**TASK INPUT**:

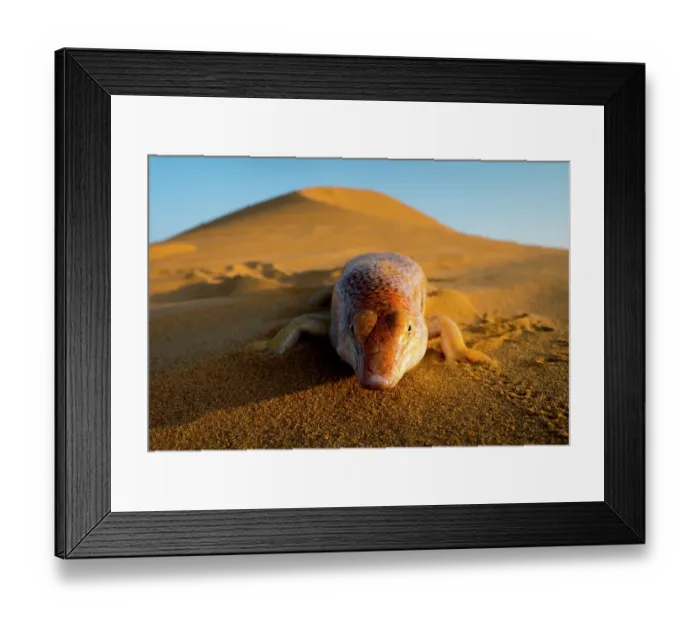 Framed Print : Eastern sandfish (Scincus mitranus) on sand dune, portrait, Sharjah, UAE. Captive Framed Print : Eastern sandfish (Scincus mitranus) on sand dune, portrait, Sharjah, UAE. Captive
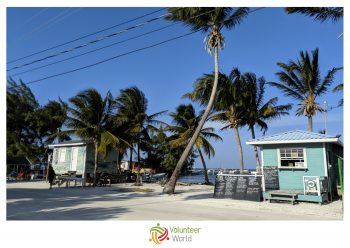 belize alternative spring break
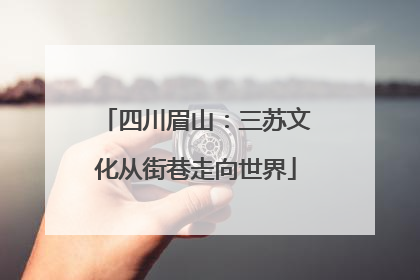 四川眉山：三苏文化从街巷走向世界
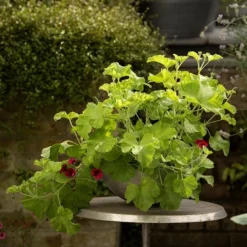 Sphere Plant Bowl -Cheap Plants Store pr2000031495 card5 lg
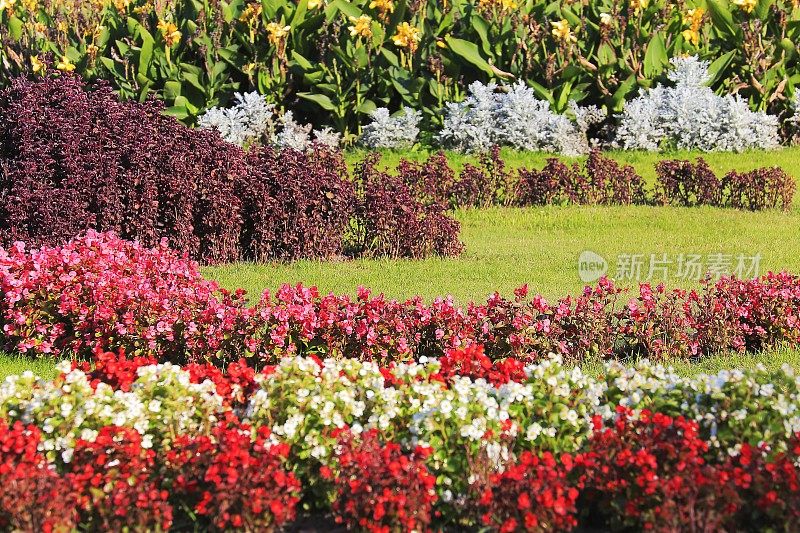 在维也纳中央公共公园Stadtpark中，有彩色花坛的观赏花园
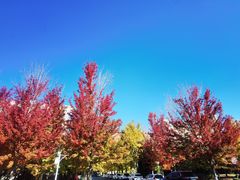 -辽宁大学(崇山校区)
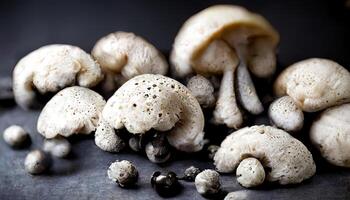 Two-colored mushrooms ripe fresh white and dark mushrooms isolated on grey floor. photo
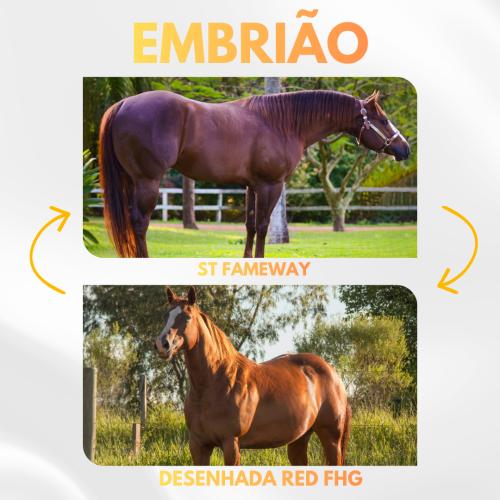 ST FAMEWAY X DESENHADA RED FHG (Embrião a Efetivar)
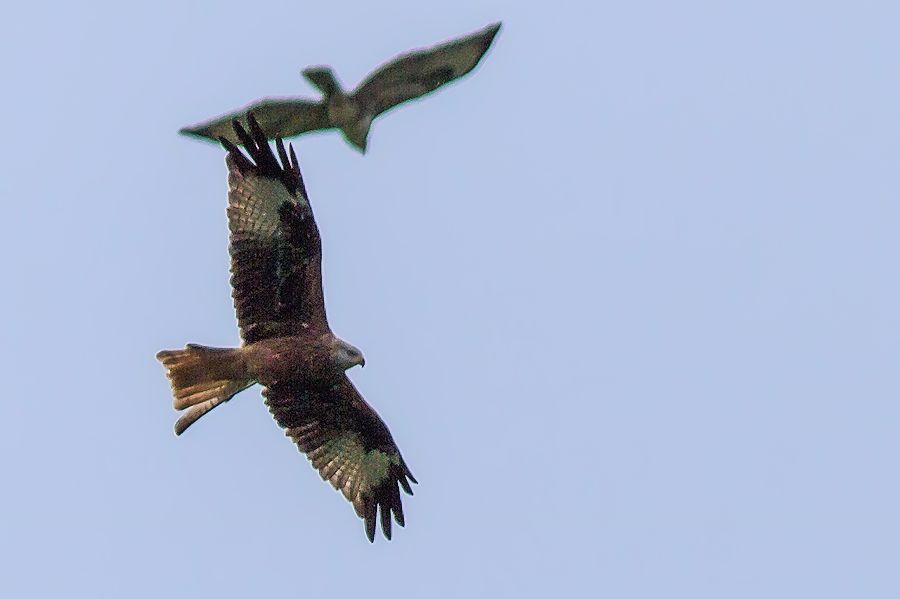 Rotmilan und Bussard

**ASSIGNMENT**:
With every picture left out, print exactly the lines from the one containing "四川眉山：三苏文化从街巷走向世界" through the final line of the material above.

**THE ANSWER**:
 四川眉山：三苏文化从街巷走向世界
 Sphere Plant Bowl -Cheap Plants Store pr2000031495 card5 lg
 在维也纳中央公共公园Stadtpark中，有彩色花坛的观赏花园
 -辽宁大学(崇山校区)
 Two-colored mushrooms ripe fresh white and dark mushrooms isolated on grey floor. photo
 ST FAMEWAY X DESENHADA RED FHG (Embrião a Efetivar)
 Rotmilan und Bussard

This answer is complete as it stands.